If I understand Argparse correctly, the positional arguments are the required arguments that the user can specify. I need to create a positional argument with argparse where the user can specify a certain type of argument that is displayed if he/she brings up the -h option. I've tried using add_argument_group but it simply only displays a header with a description of the other arguments when you bring up the -h option.
def Main():
parser = argparse.ArgumentParser(description = __doc__, formatter_class = argparse.RawDescriptionHelpFormatter)
parser.add_argument("input_directory",help = "The input directory where all of the files reside in")
sub_parser = parser.add_argument_group('File Type')

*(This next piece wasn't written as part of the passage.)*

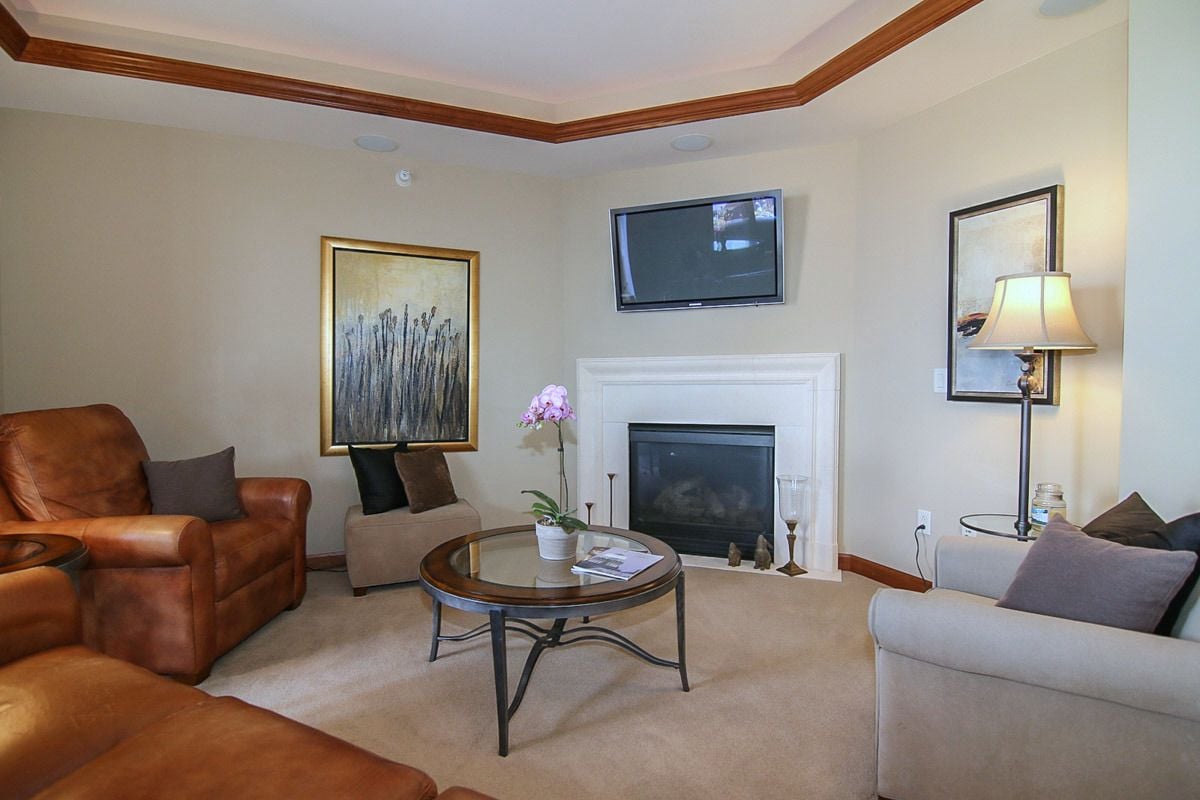Living room with a white fireplace, mounted TV, leather recliners, and gray sofa.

sub_parser.add_argument(".txt",help = "The input file is a .txt file")
sub_parser.add_argument(".n12",help = "The input file is a .n12 file")
sub_parser.add_argument(".csv",help = "The input file is a .csv file")
parser.parse_args()
if __name__ == "__main__":
Main()
So when I run the script, I should specify in order to run the script. If I choose either .txt, .n12, or .csv as my argument, then the script should run. However, if the I don't specify the file type from those 3 options listed, then the script wouldn't run.
Is there an argparse function that I'm missing that can specify multiple options for a positional argument?
I think you're making this too complicated. If I understand your problem correctly, you want the user to enter two arguments: a directory name and a file type. You application will accept only three values for file type. How about simply doing this:
import argparse
def Main():
parser = argparse.ArgumentParser(description = __doc__, formatter_class = argparse.RawDescriptionHelpFormatter)
parser.add_argument("input_directory", help = "The input directory where all of the files reside in")
parser.add_argument("file_type", help="One of: .txt, .n12, .csv")
args = parser.parse_args()
print(args)
if __name__ == "__main__":
Main()
... and adding application logic to reject invalid values for file type.
You access the user-entered values through the object returned by parse_args().